### Available data
┌──

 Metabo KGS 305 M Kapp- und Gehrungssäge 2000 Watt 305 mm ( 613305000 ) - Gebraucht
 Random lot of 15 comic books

└──
┌──

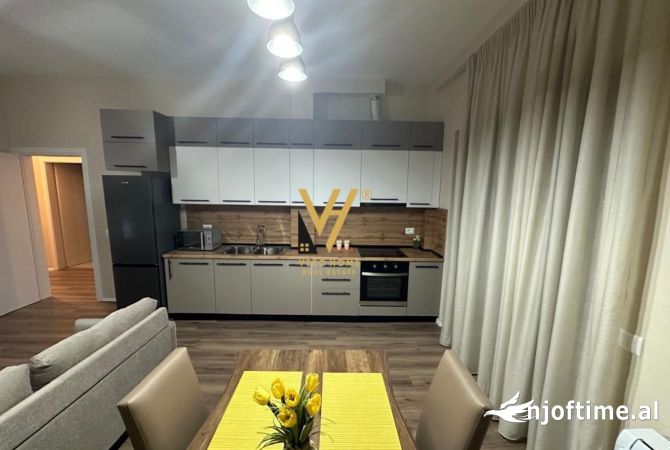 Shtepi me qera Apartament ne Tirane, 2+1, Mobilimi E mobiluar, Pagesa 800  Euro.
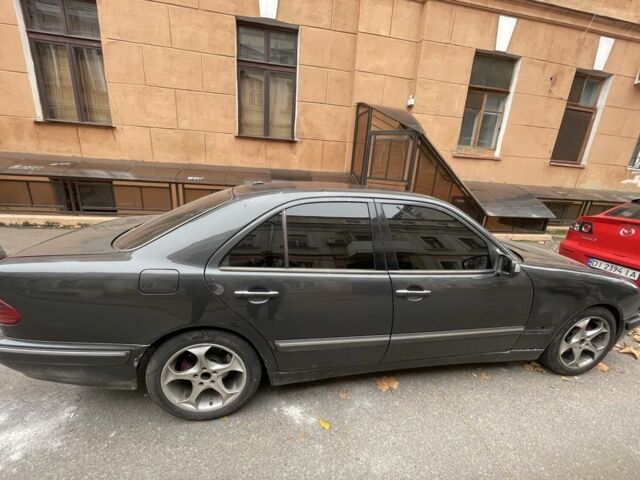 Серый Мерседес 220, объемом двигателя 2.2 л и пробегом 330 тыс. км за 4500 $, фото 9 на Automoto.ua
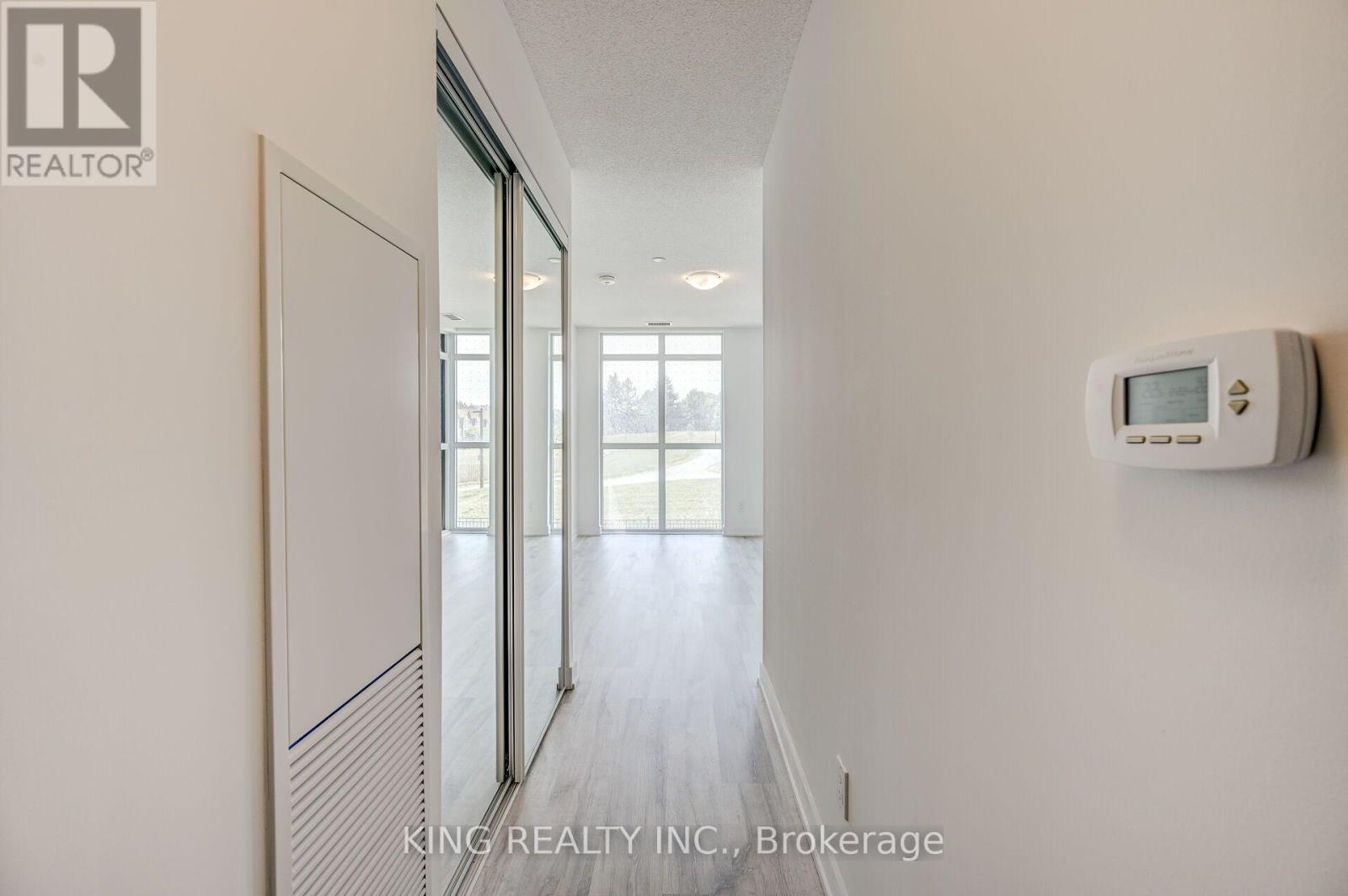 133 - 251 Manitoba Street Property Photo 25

└──
┌──

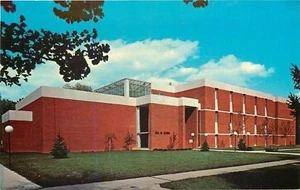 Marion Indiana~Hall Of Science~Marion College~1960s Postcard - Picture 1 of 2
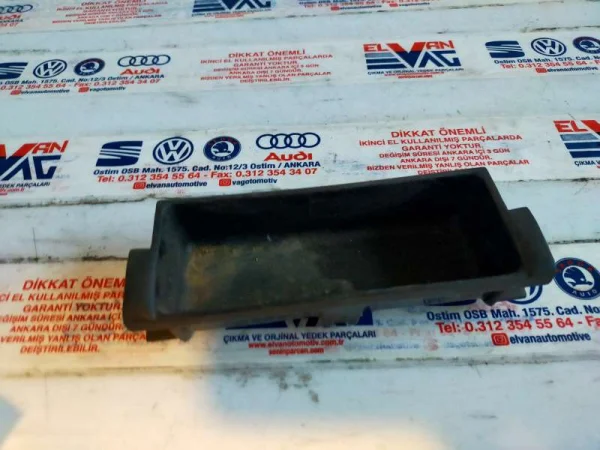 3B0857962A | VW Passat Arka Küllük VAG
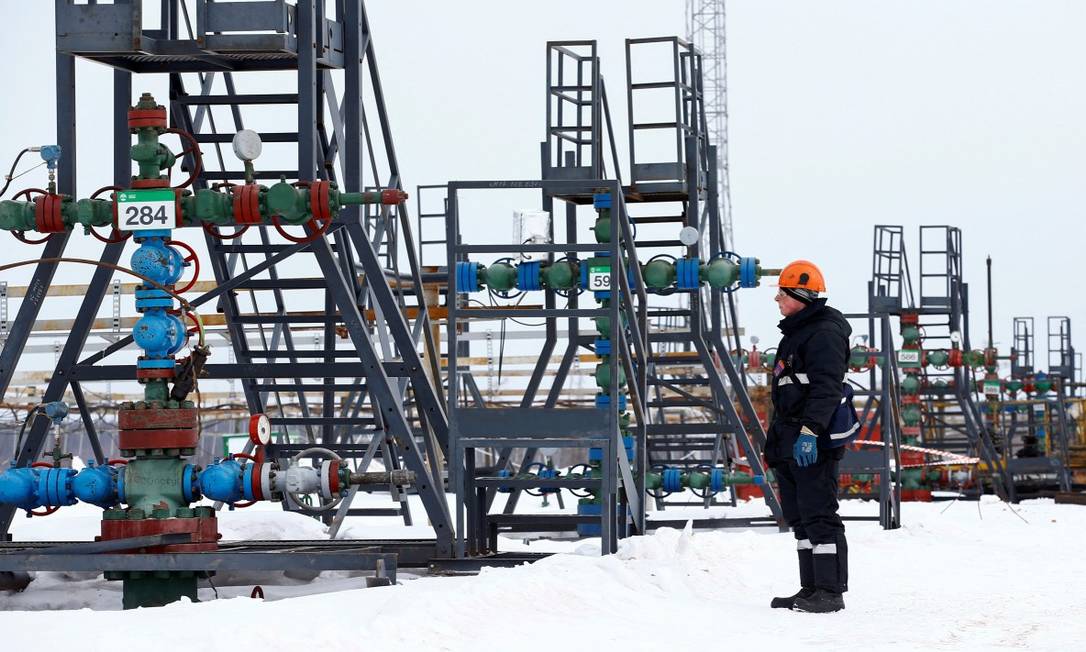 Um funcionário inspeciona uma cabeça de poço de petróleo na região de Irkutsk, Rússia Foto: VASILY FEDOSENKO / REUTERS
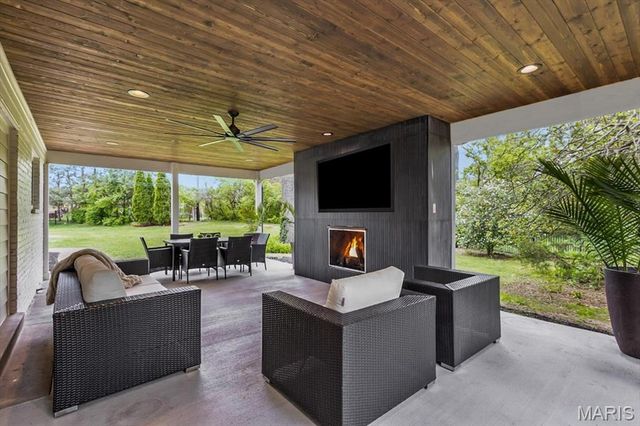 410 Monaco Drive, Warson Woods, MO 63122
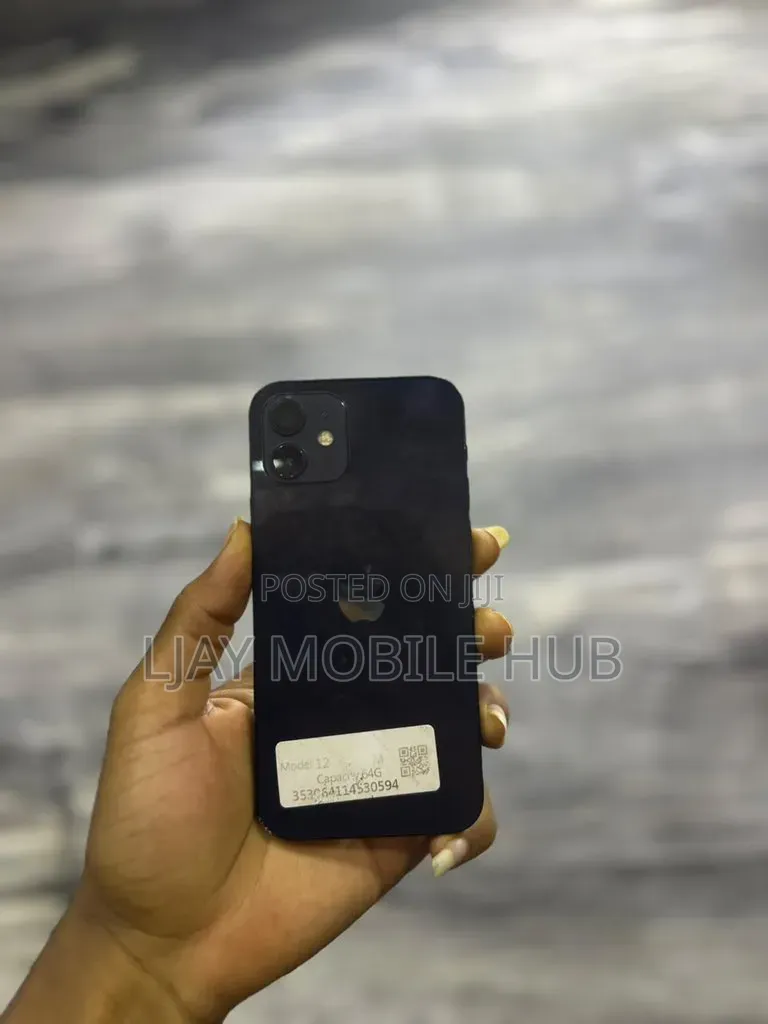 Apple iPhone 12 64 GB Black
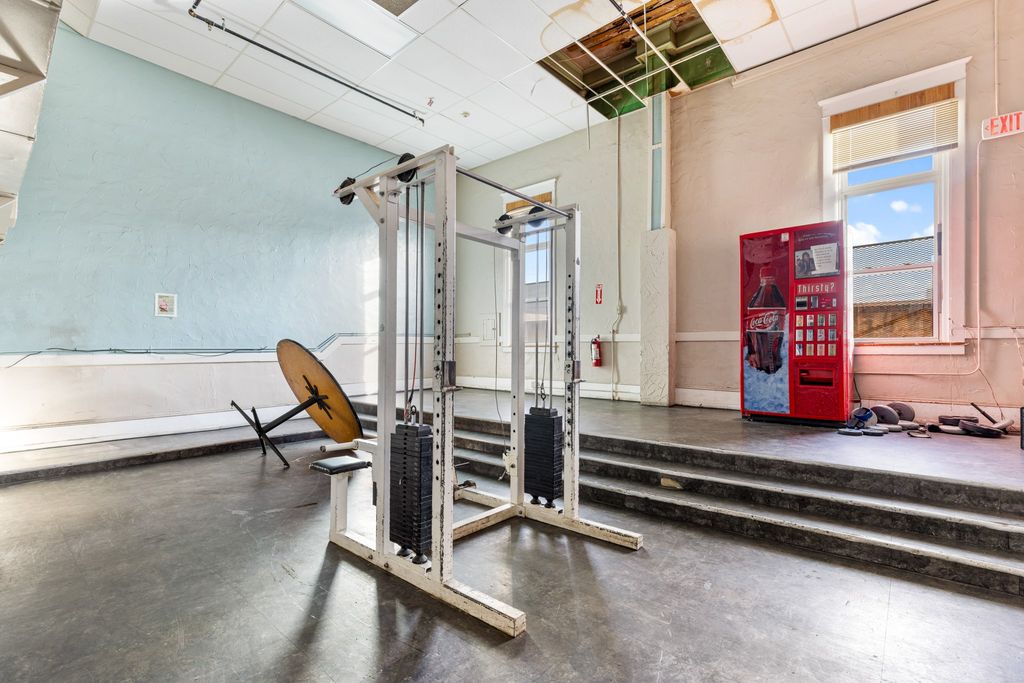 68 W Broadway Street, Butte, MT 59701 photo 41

└──

### Aim of the task
Please copy out from the data above, without any picture, exactly the lines running from the one that holds "Shtepi me qera" through the one that holds "133 - 251 Manitoba Street Property Photo 25", and nothing beyond them.

### Finished task
 Shtepi me qera Apartament ne Tirane, 2+1, Mobilimi E mobiluar, Pagesa 800  Euro.
 Серый Мерседес 220, объемом двигателя 2.2 л и пробегом 330 тыс. км за 4500 $, фото 9 на Automoto.ua
 133 - 251 Manitoba Street Property Photo 25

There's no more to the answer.